**WHAT YOU WILL DO**
I need the lines from the one holding "A large main" to the last line of the data below repeated exactly, both included, without pictures.

** Opening STORED DATA block **

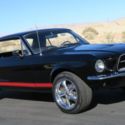 1967 FORD MUSTANG RAVEN BLACK C CODE 351W UPGRADED! RESTORED IN 201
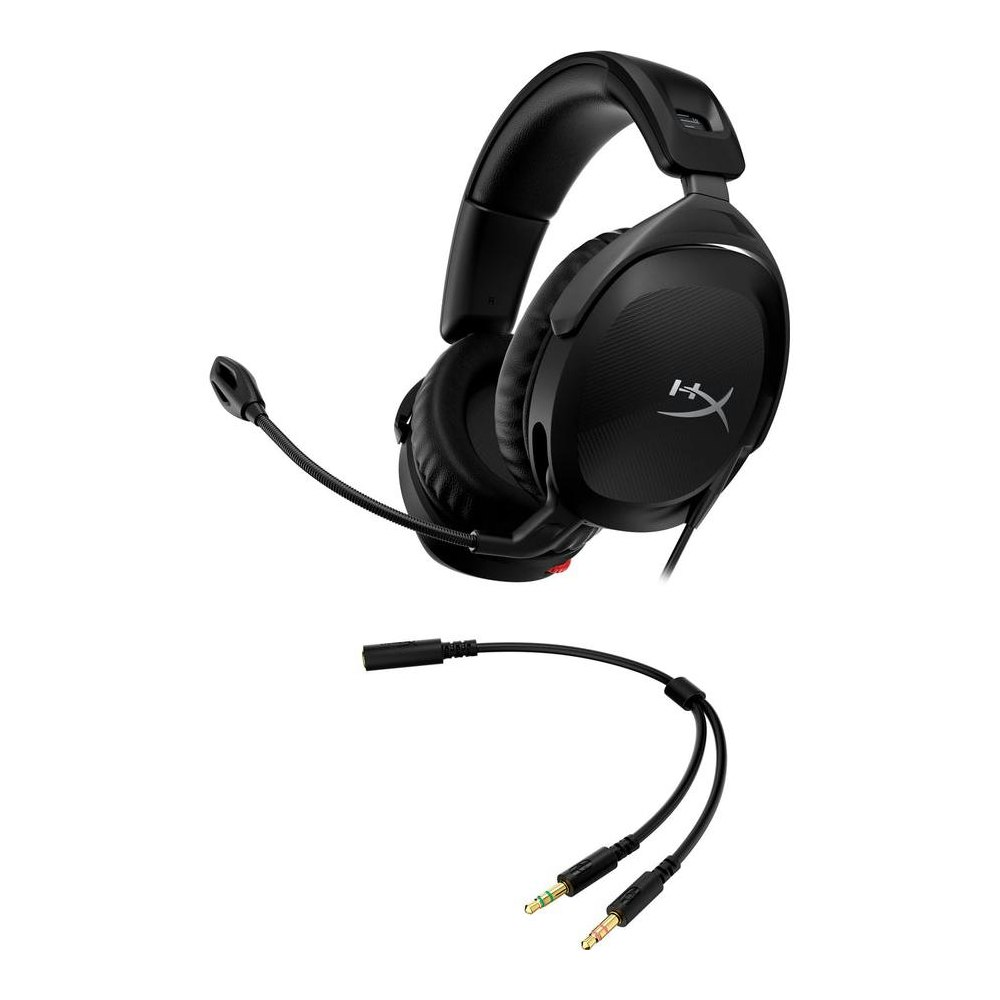 A large main feature product image of HyperX Cloud Stinger 2 - Wired Gaming Headset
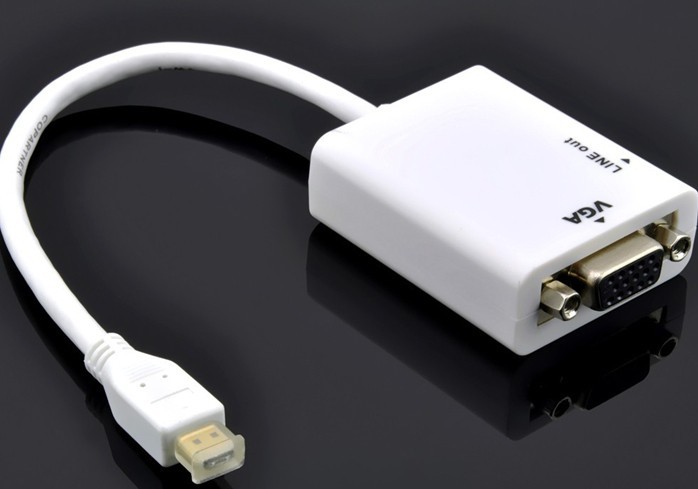 Raccomandata P. - CONVERTITORE DA MICRO HDMI A VGA + AUDIO JACK OUTPUT  Micro HD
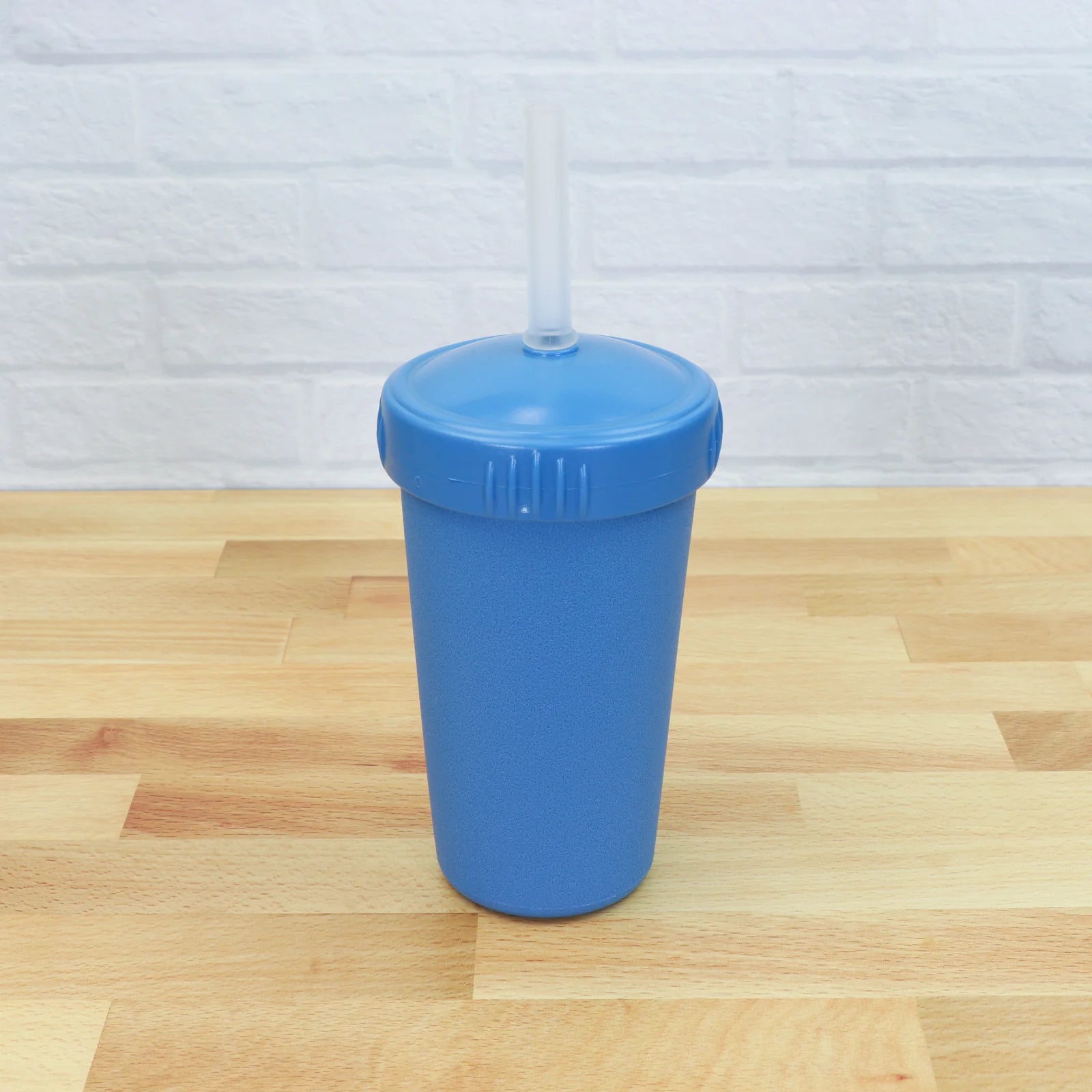 Limited Offer! Re-Play 10oz Straw Cup with Non-Pull-Out Silicone Straw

** Closing STORED DATA block **

**ANSWER BOX**
 A large main feature product image of HyperX Cloud Stinger 2 - Wired Gaming Headset
 Raccomandata P. - CONVERTITORE DA MICRO HDMI A VGA + AUDIO JACK OUTPUT  Micro HD
 Limited Offer! Re-Play 10oz Straw Cup with Non-Pull-Out Silicone Straw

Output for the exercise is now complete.